Jun 18 2014
2141 Rayburn House Office Building
Markup of H.R. 3086, the “Permanent Internet Tax Freedom Act”
The historian Paul Johnson called the 1862 Homestead Act “one of the most important laws in American history.” Land was the principal driver of wealth. By making it available, cheaply, to anyone willing to work hard, the Government created an unparalleled engine of upward mobility.
This bears on today’s markup of H.R. 3086, the Permanent Internet Tax Freedom Act (PITFA), because the Internet is the new frontier and medium of opportunity.
Everyone in Silicon Valley knows Max Levchin’s story. He came to America from the Soviet Union at age 16. His family had $300 dollars in their pocket and he learned English by watching an old TV set he hauled out of a dumpster and repaired. Ten years later, he sold PayPal, for $1.5 billion.
The Internet is a meritocracy. It does not care how you look or where you come from. It offers opportunity to anyone willing to invest time and effort. It is the greatest gateway to knowledge and engine for self-improvement that has ever existed.
That is precisely why Congress has worked assiduously to keep Internet access tax free.
In 1998, Congress temporarily banned state and local governments from taxing Internet access or placing multiple or discriminatory taxes on Internet commerce. With minor modifications, this ban was extended three times, with enormous bipartisan support. In the entire history of these extensions, only five “no” votes were ever cast in the House and Senate.
The most recent extension passed in 2007, but it expires on November 1, 2014. PITFA would extend this moratorium and make it permanent by simply striking the 2014 end date.
If the moratorium is not renewed, the potential tax burden on consumers will be substantial. The average tax rate on communications services in 2007 was 13.5%, more than twice the average rate on all other goods and services. To make matters worse, low income households pay ten times as much in communications taxes as high income households, as a share of income.

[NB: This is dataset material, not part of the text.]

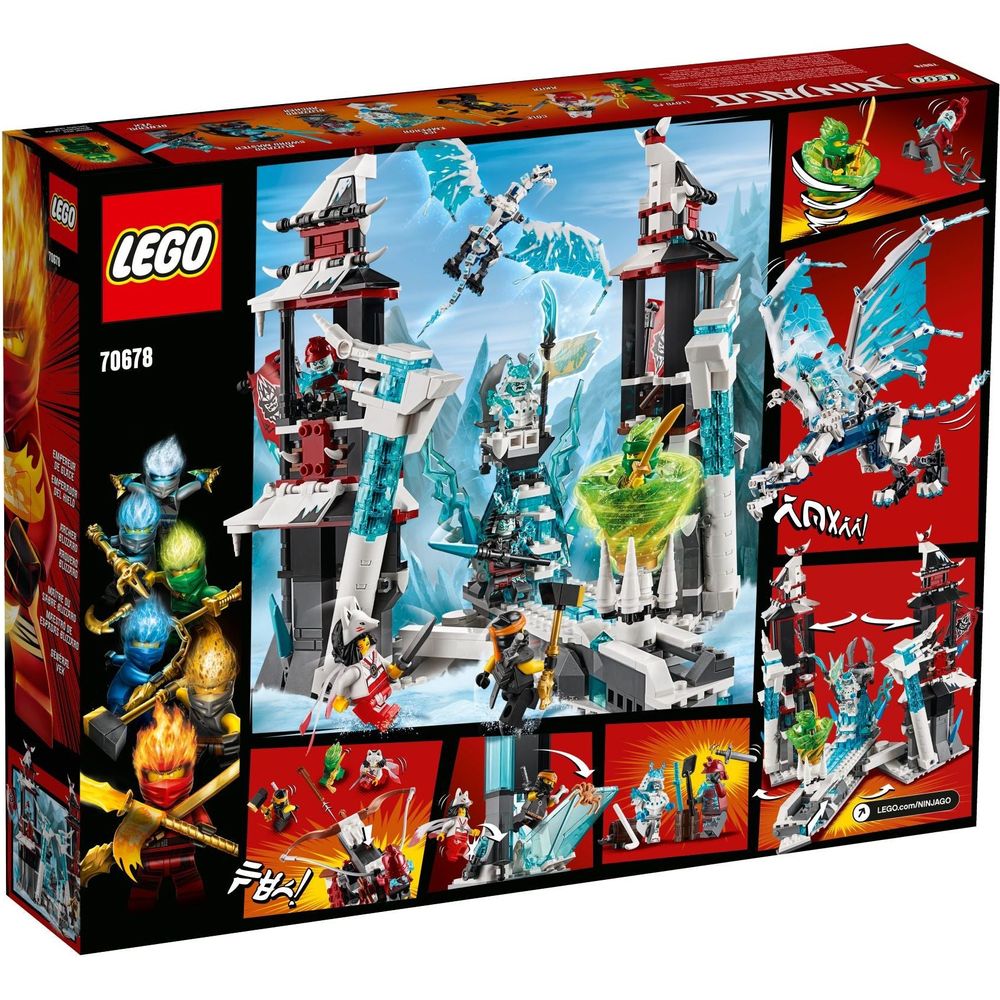 LEGO Ninjago La forteresse dans la glace éternelle 70678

The original moratorium included a grandfather clause to give states that were then taxing Internet access some time to transition to other sources of revenue. Some have discontinued taxing Internet access in support of a national broadband policy. For those that still haven’t, it has been sixteen years, time enough to change their tax codes. Thus, PITFA eliminates the grandfather clause in current law in order to make the moratorium consistent nationwide.
It is important to note that PITFA does not address the remote sales tax issue. It merely prevents Internet access taxes and unfair multiple or discriminatory taxes on e-commerce, whether inside the taxing state or without.

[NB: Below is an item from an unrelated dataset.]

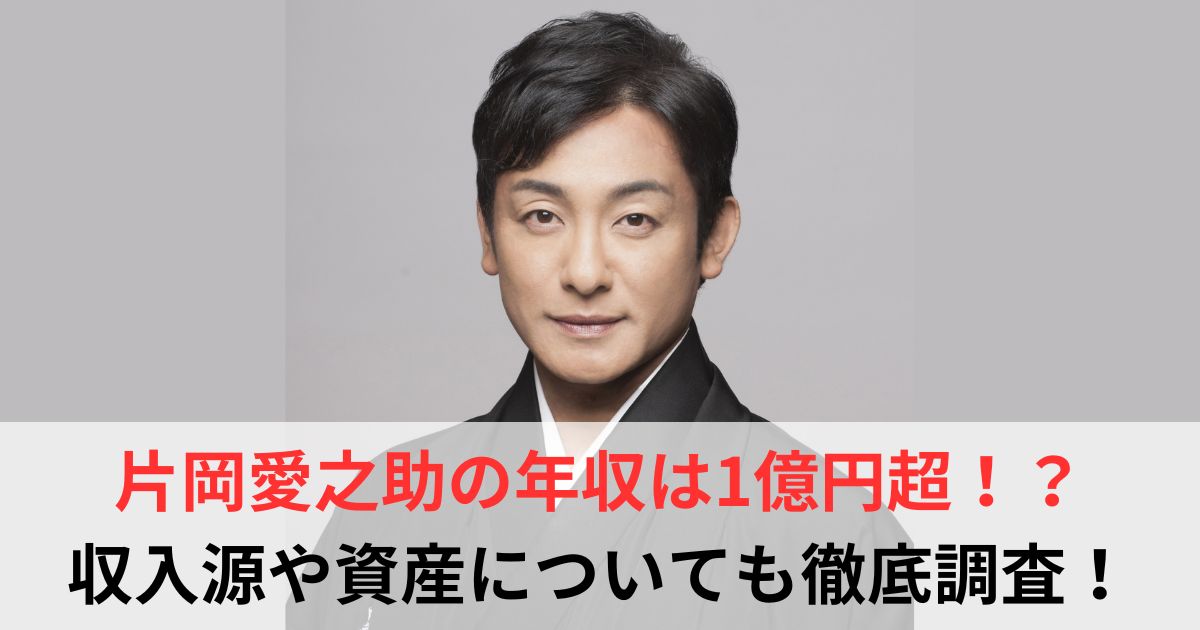 片岡愛之助　年収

This ban is consistent with the original intent of the Commerce Clause, which the Supreme Court describes as a cure for the ills of the Articles of Confederation under which “state taxes . . . hindered and suppressed interstate commerce.”
While there are a number of tax bills in Congress, the House and Senate should pass a stand-alone PITFA as soon as possible. In the past, the moratorium has lapsed and been extended retroactively, but this time around, the consequences of a lapse would be worse. There are many more Internet users today and the scope of the moratorium has become broader as the result of some of the more recent extensions. Any lapse would be felt more widely and acutely and refunds would be more difficult to administer.
The Judiciary Committee is acting today to ensure that Americans can access the scientific, educational and economic opportunities the Internet offers, tax free, in order to better their lives, improve society and grow the economy. I encourage the Members of this Committee to support this important, bipartisan bill.
I would also like to specifically thank Mr. Chabot and Ms. Eshoo, Subcommittee Chairman Bachus and Subcommittee Ranking Member Cohen for their work on and support of this legislation.